▶ _What this task involves_
Return every entry below exactly as written, minus the pictures.

(Collection entries)

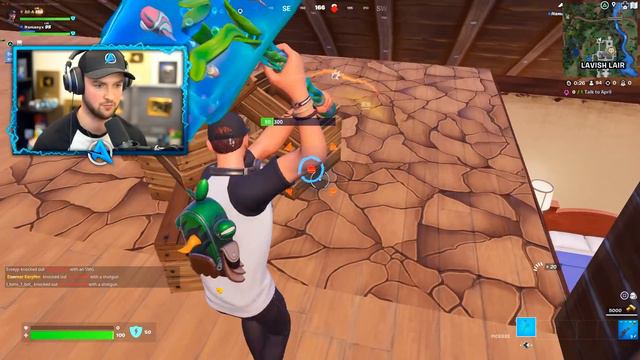 My SON Controls My Fortnite Game! смотреть онлайн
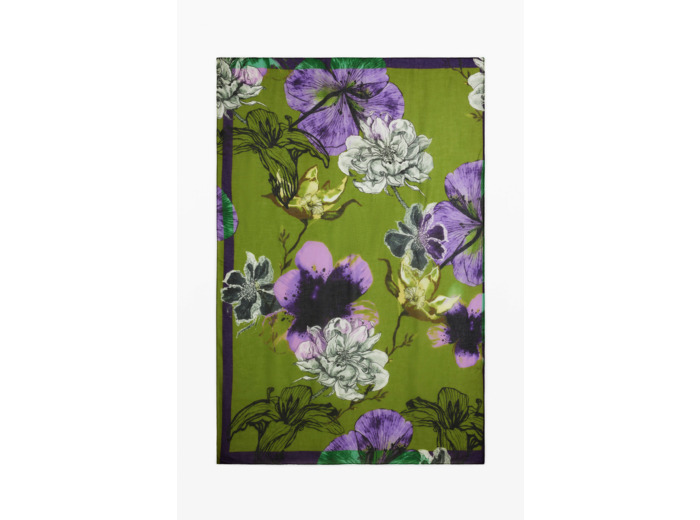 Foulard Rectangulaire En Tissu
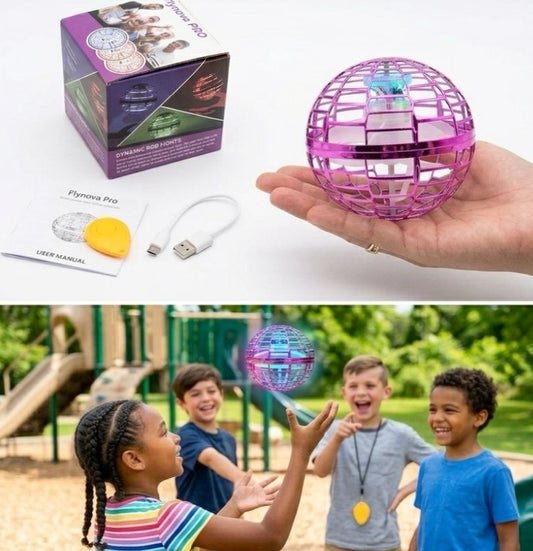 Flying Ball Spinner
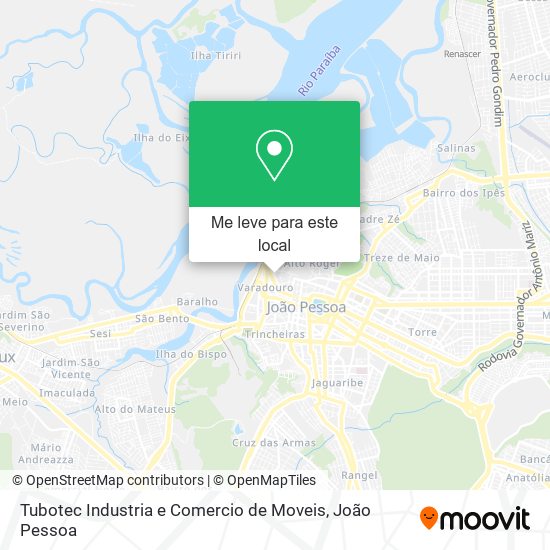 Tubotec Industria e Comercio de Moveis mapa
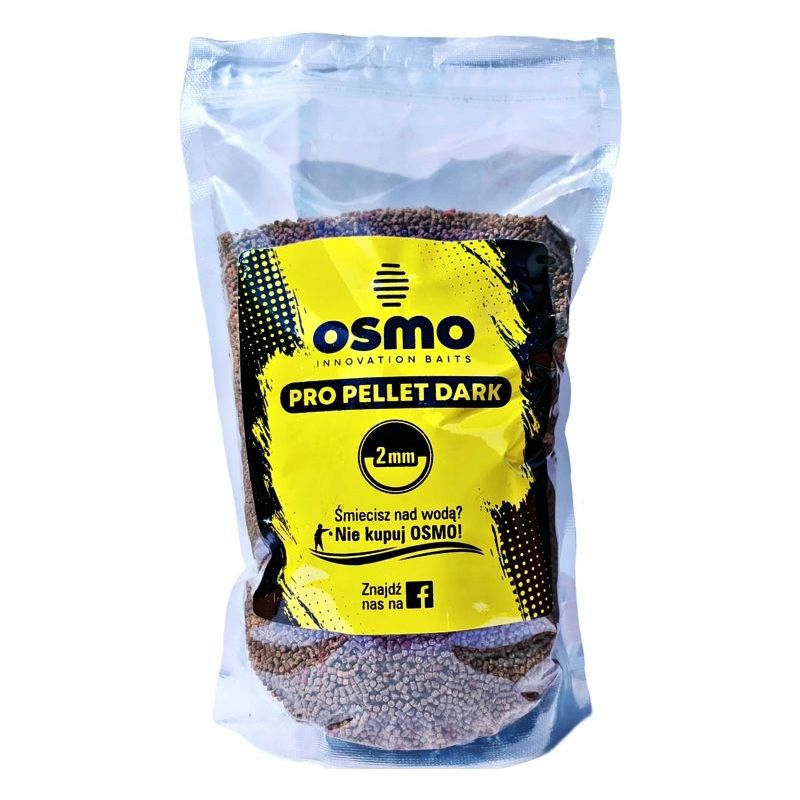 PELLET OSMO PRO PELLET DARK 2mm 900g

▶ _Exercise answer_
 My SON Controls My Fortnite Game! смотреть онлайн
 Foulard Rectangulaire En Tissu
 Flying Ball Spinner
 Tubotec Industria e Comercio de Moveis mapa
 PELLET OSMO PRO PELLET DARK 2mm 900g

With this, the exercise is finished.